For $m = 1$, we have

$$k = 2^{-2}, \qquad k_1 = 2^{-2} \log(\phi / \phi_0), \qquad k_2 = 0 \qquad k_3 = 2^{-2} \phi,$$ (6.26)

where $\phi_0$ is a dimensional constant that, however, is irrelevant.

Other interesting results follow from a dimensional analysis. We indicate by $[L]$ the dimension of time and lenght and by $[M]$ the dimension of mass, energy and momentum. Since the coordinates of the manifold $\mathcal{S}$ are dimensionless, the Lagrangian form has the dimension of an action.
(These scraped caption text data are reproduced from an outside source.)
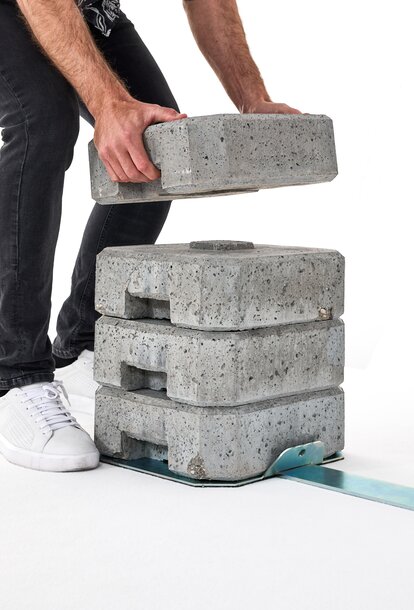 Montaje de un set de pesas de cemento con un soporte de hierro.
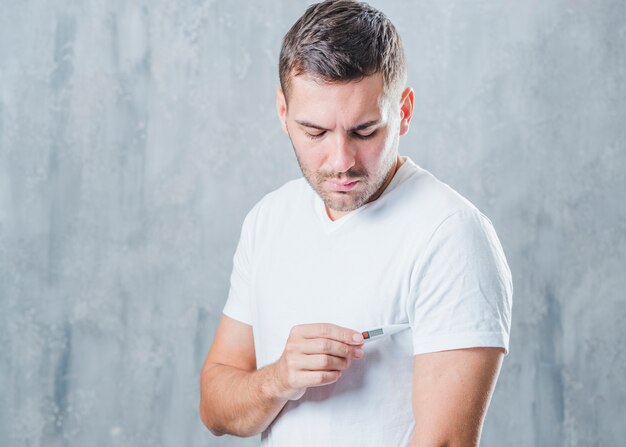 Jonge man die de medische digitale thermometer in zijn onderarm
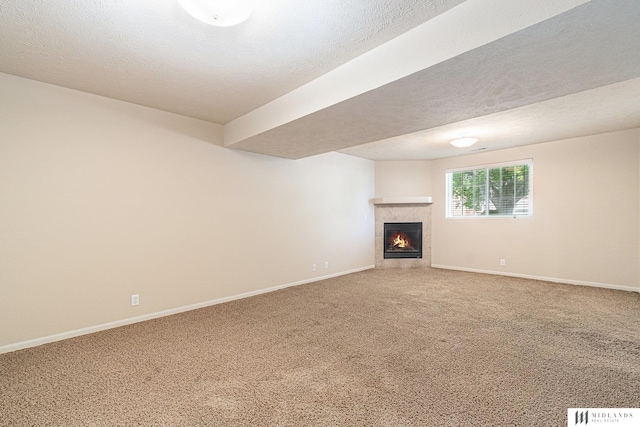 unfurnished living room featuring a fireplace, light colored carpet, and baseboards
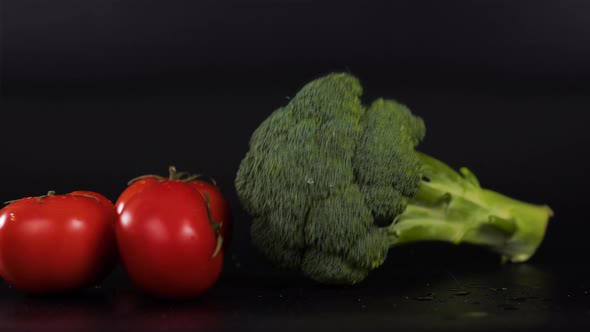 Close Up of Fresh Raw Organic Vegetable Produce Assortment of Broccoli Tomatoes Isolated on Black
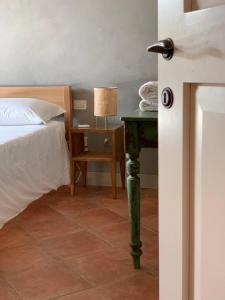 een slaapkamer met een bed en een tafel met een lamp bij Poggiosole in Tavarnelle in Val di Pesa
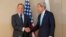 U.S. Secretary of State John Kerry (right) shook hands with Russian Foreign Minister Sergei Lavrov in Geneva on March 2, but neither made any public remarks before they began talks.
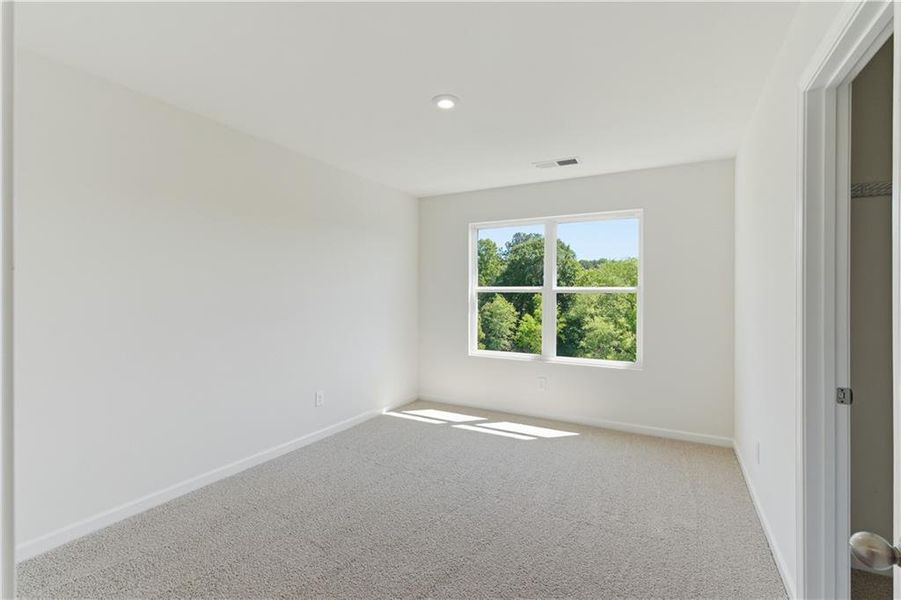 Spacious, unfurnished interior of a new home in The View at Groover’s Lake, Lithia Springs (Image 12).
We have the dimensional relations

$$[\lambda]= [LM], \qquad [\omega^i] = [L], \qquad [\chi_i] =[L^{-1}].$$ (6.27)

It follows from eqs. (5.1) that

$$[\omega^{[ik]}] = [\phi]^{-1} = [L^{-1/(2-m)}M^{1/(2-m)}], \qquad m \neq 2.$$ (6.28)

For $m = 2$ the introduction of a dimensional coupling constant is inavoidable, but this choice is already excluded by the conditions (6.11).
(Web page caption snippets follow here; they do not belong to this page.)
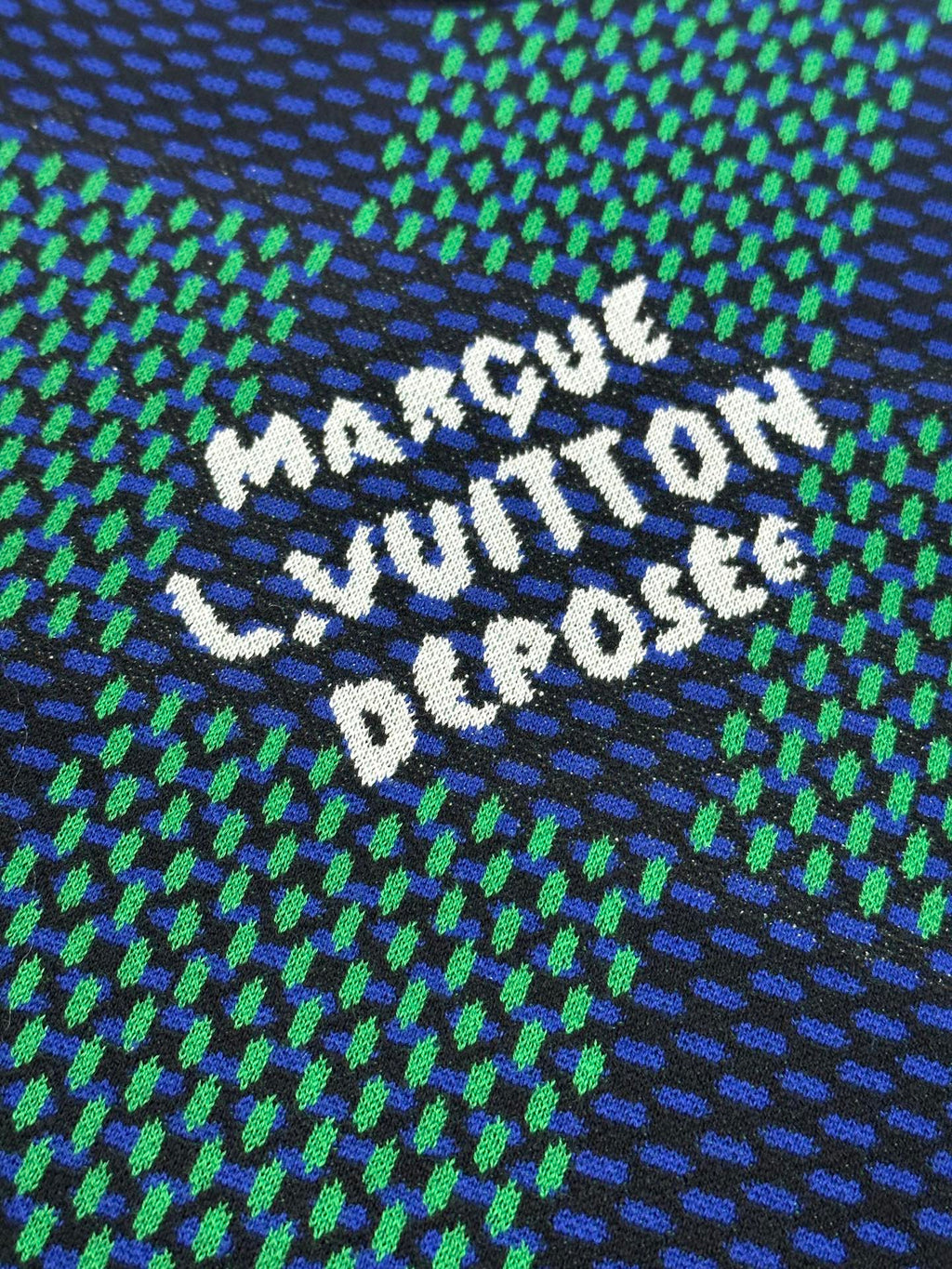 Louis Vuitton embroidered slogan on blue and green check T-shirt, white lettering on knit.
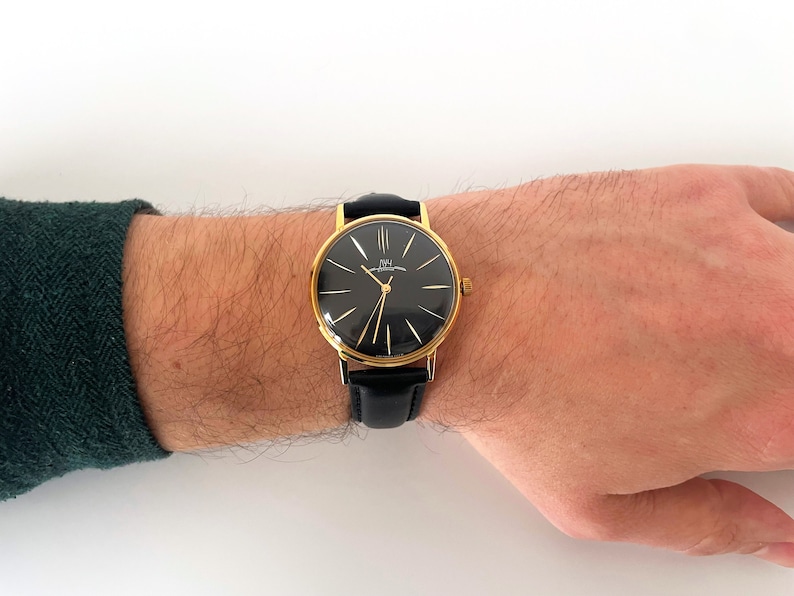 May include: A gold-tone wristwatch with a black face and black leather band. The watch face has gold-tone hands and Roman numeral hour markers.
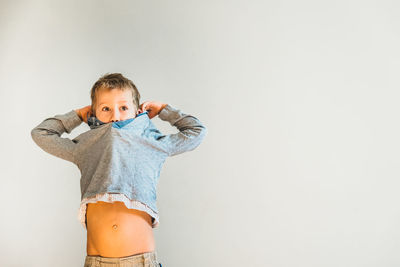 Boy removing t-shirt while standing against white background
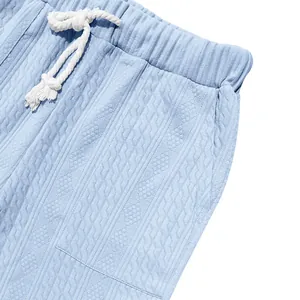 Detail view of light blue men's knit pants featuring textured jacquard and drawstring waist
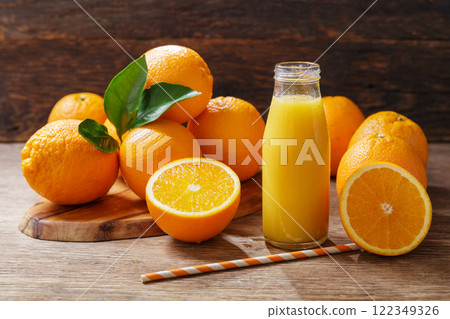 bottle of fresh orange juice with fresh fruits bottle of fresh orange juice with fresh fruits 122349326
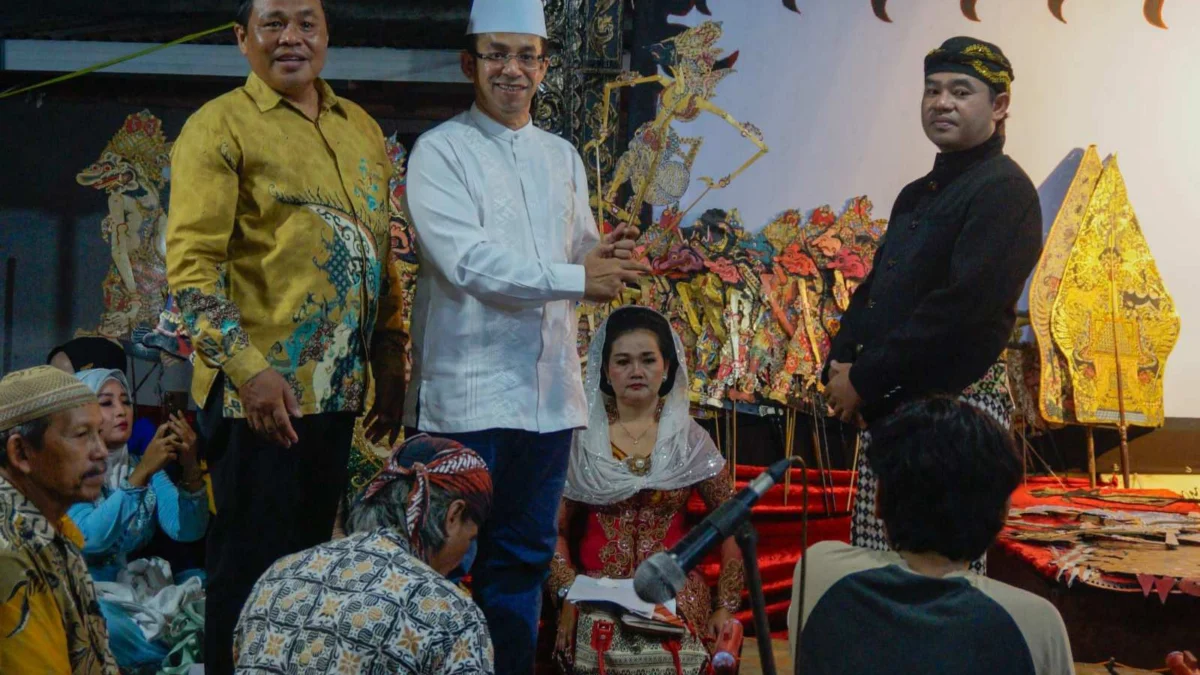 Rizal Bawazier menyerahkan wayang kulit karakter Kresno pada dalang Ki Khaerun Sudarno.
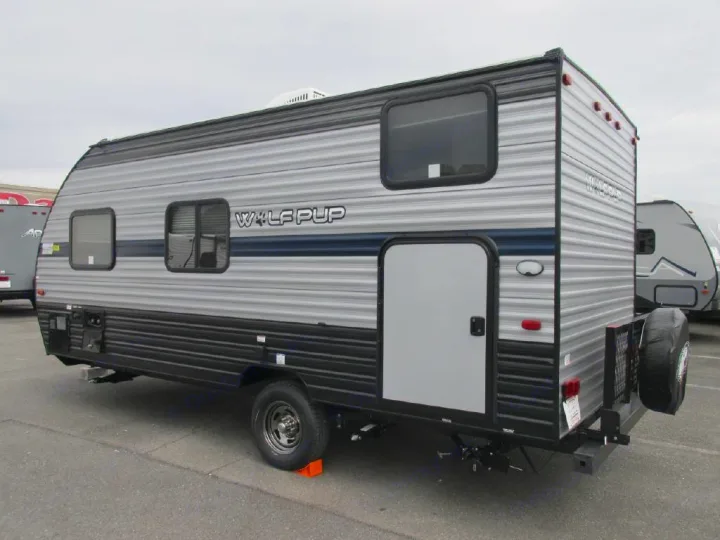 Side and rear view of a parked Wolf Pup travel trailer, a silver and black RV ideal for an rv rental.. Forest River Cherokee Wolf Pup 2019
From eqs. (5.2) and (6.3) we also have

$$[k_4]= [L^{-3}M], \qquad [k_5] = [L^{-1}M]$$ (6.29)

and we have to put

$$k_5 = - \alpha \phi^{m - 2},$$ (6.30)

where $\alpha$ is a dimensionless constant. It is not possible to write $k_4$, that describes a cosmological term, as a function of $\phi$ without introducing a dimensional constant.

In order to write the field equations in a more familiar form, it is convenient to introduce the new vector fields

$$\tilde A_{[ik]} = \phi^{-1} A_{[ik]}, \qquad \tilde A_i = A_i.$$ (6.31)
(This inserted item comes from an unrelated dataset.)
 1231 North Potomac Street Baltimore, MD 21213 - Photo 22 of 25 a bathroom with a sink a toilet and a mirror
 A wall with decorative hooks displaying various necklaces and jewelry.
As we have discussed in Section 2.2 and we shall see with more detail in the next Section 6.3, this change of basis in the tangent spaces $T_s \mathcal{S}$ may be operationally unjustified from a microscopic point of view.

We also define the new differential 1-forms

$$\tilde \omega^{[ik]} = \phi \omega^{[ik]}, \qquad \tilde \omega^i = \omega^i$$ (6.32)

and, by computing the commutators and taking into account the field equations (6.10), (6.12) and (6.20), we obtain the new structure coefficients

$$\tilde F_{[ik]j}^i = \phi^{-1} F_{[ik]j}^i = \hat F_{[ik]j}^i, \qqua... ...F_{[ik][jl]}^{[mn]} = \phi^{-1} F_{[ik][jl]}^{[mn]} = \hat F_{[ik][jl]}^{[mn]},$$

$$\tilde F_{[ik][jl]}^m = 0, \qquad \tilde F_{j[ik]}^{[mn]} = F_{j[ik]}^{[mn]} - \phi^{-1} A_j \phi (\delta^m_i \delta^n_k - \delta^n_i \delta^m_k) = 0.$$

$$\tilde F_{ik}^j = F_{ik}^j, \qquad \tilde F_{ik}^{[mn]} = \phi F_{ik}^{[mn]}.$$ (6.33)

They are compatible with a stucture of principal bundle of the manifold $\mathcal{S}$ and the fields $\tilde A_{[ik]}$ are the generators of the structural group namely of the Lorentz group.

We remark that, after the substitution (6.31), the field $\phi$ disappears from the Fermion Lagrangian (5.36) and we obtain a theory with a minimal coupling of the kind considered in Section 4.4. We also introduce the quantities

$$\tilde T_{[jk]}^i = \phi^{-1} T_{[jk]}^i,$$ (6.34)

that describe the usual angular momentum, corresponding to the infinitesimal transformations generated by $- \tilde A_{[jk]}$.

Expressed in terms of the new variables, the eqs. (6.13), (6.16), (6.21), take the form

$$2^{-1} \tilde F_{ik}^{[ik]} + \frac{d k_4}{d \Phi} - \alpha \chi_i \chi^i = 0,$$ (6.35)

$$\Phi F_{jk}^i + ( 1 -2 \alpha) \Phi (\chi_k \delta^i_j - \ch... ..._k \Phi \delta^i_j - A_j \Phi \delta^i_k) = \tilde T^i_{[jk]},$$ (6.36)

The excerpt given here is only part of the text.